Hundreds of miles of high altitude landscape, at or around 4,000 metres. Driving and driving across Gorno-Badakhshan province (GBAO). After the village of Alichur the high plain of Tajikistan becomes gold green and there are herds of yaks and goats. See the yaks run across the plain, majestic in their size and shagginess, their tails pluming out behind them.
There are small groups of yurts because many Kyrgyz people live in this part of Tajikistan. Some are still being constructed, the felt walls hoisted onto the red wood frame. Applique decoration and tufts of black yak fur. In every one we are invited in for bread, yoghurt and deliciously rich and yellow yak cream. Then they insist on the photo session – I (the paparazzi) must take photos of various family groups before we are allowed to leave.
Murgab is a wild east ghost town of Tajikistan. At 3,600 metres the light is blinding from the whitewashed buildings and dusty streets. Many Kyrgyz men walking about in their long coats and distinctive tall squashy felt hats.

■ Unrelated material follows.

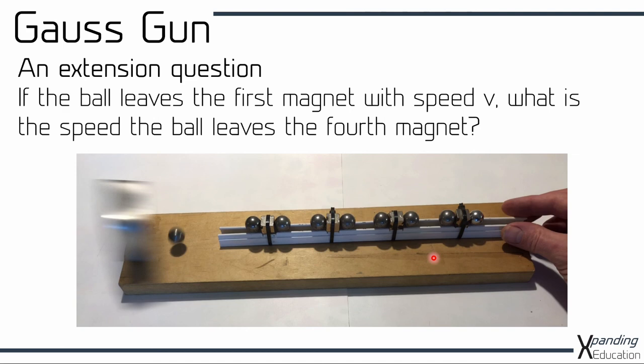An extension question is to consider how fast the ball bearing will leave the left hand side of the four magnets. You can ask: if after the first magnet the ball moves across with speed V, how fast will the left hand ball come off the end of the gun after the fourth magnet? But I'll leave you to consider that and answer it for yourselves.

Murghab is a good base for more jeep safaris into surrounding valleys, and more yurt hospitality in the jailoos! The families here have many children and in the yurt we visited the oldest boy performed the handwashing ritual for the guests and his father and uncle (the women don’t join the group but sit at the side of the yurt watching). The grandmother rocked a low cradle and spun wool on an old spindle.

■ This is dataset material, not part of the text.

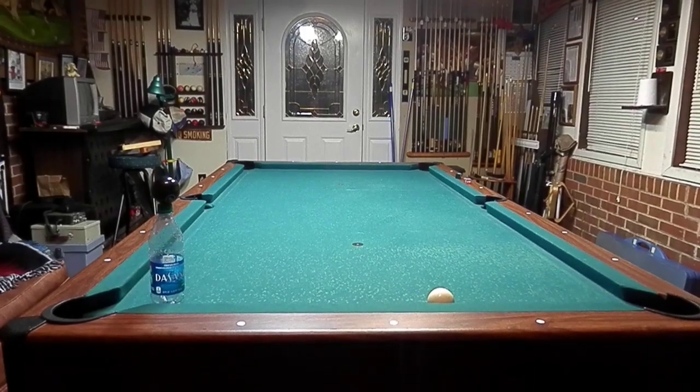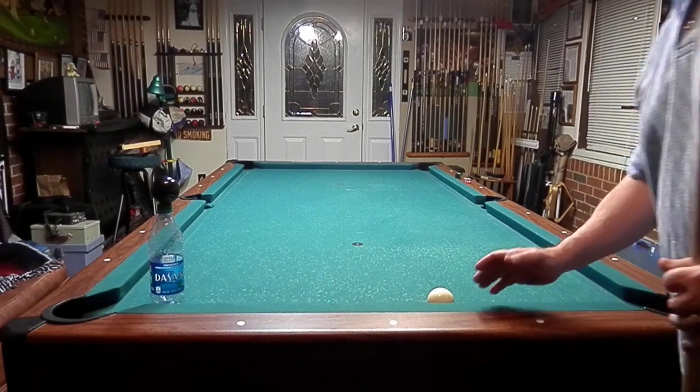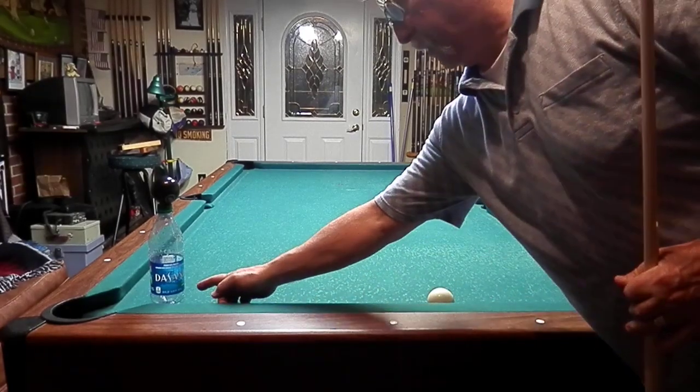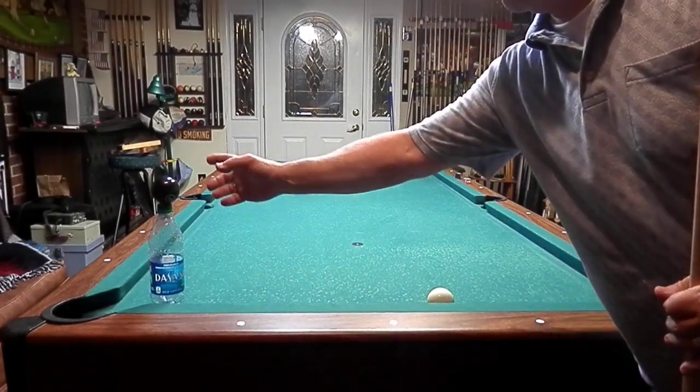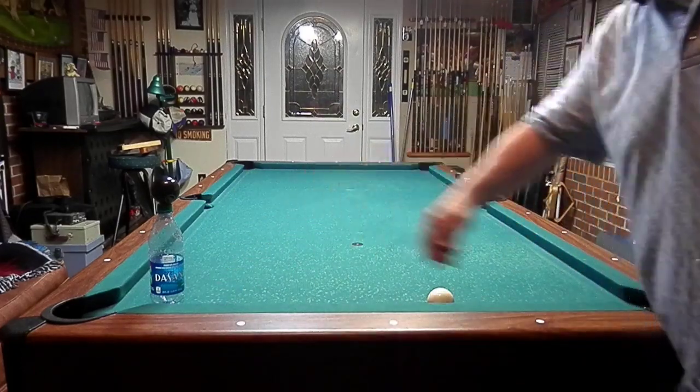In this shot, we've got the eight ball on top of a bottle. We're going to take our cue ball, spin it into the bottle itself, knocking the bottle out of the way. The eight ball is going to drop straight down. The cue ball is going to come back over and make the eight.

After being flung about the interior of a jeep, had my insides rearranged and knocked my funny bone twice, I think I can safely say I won’t be taking up 4X4 driving as a hobby, at least not in a UAZ.
In some sort of personal Silk Road tradition, it must always be difficult to get to Osh. The long last Marshrutka journey had the usual initial concerns over the health of the vehicle – stopping frequently to haul buckets of water from the river to fill the radiator and pour over the engine.
Getting over the 4,655m pass was a small miracle, the tension in the back was palpable as we all willed the engine to survive. There were more delays at the middle-of-nowhere border posts (there are seven checkpoints to go through, each a small shed with a couple of army guys bunking down). On the Kyrgyz side, finding anyone willing to place an entry stamp in my passport proved impossible.
Through the mountain passes, eventually the marshrutka rolled down into the soft green, forgiving hills of Kyrgyzstan. It is still high enough for yaks here but now the first Kyrgyz horse herds could be seen galloping in the valley. Arriving at Sary Tash, the great Pamir Alai range was behind us now, including Pik Lenin, soft pink fading in the twilight.
One final mountain pass and then, about 10 o’clock a hissing puncture. The spare proved deficient and the driver and his mate had to spend long hours attempting a repair. Sometimes we crept forward a couple of miles, mostly we sat in the dark. With the help of a passing truck the original tyre was finally repaired and we limped into Osh around 6am.
Travelling Tajikistan’s Pamir Highway is an incredible experience. Staying with local people every night for 17 days; enjoying the incredibly harsh and beautiful landscapes; dealing with the bureaucracy; falling in love with the hospitable people. Tajikistan is certainly unforgettable.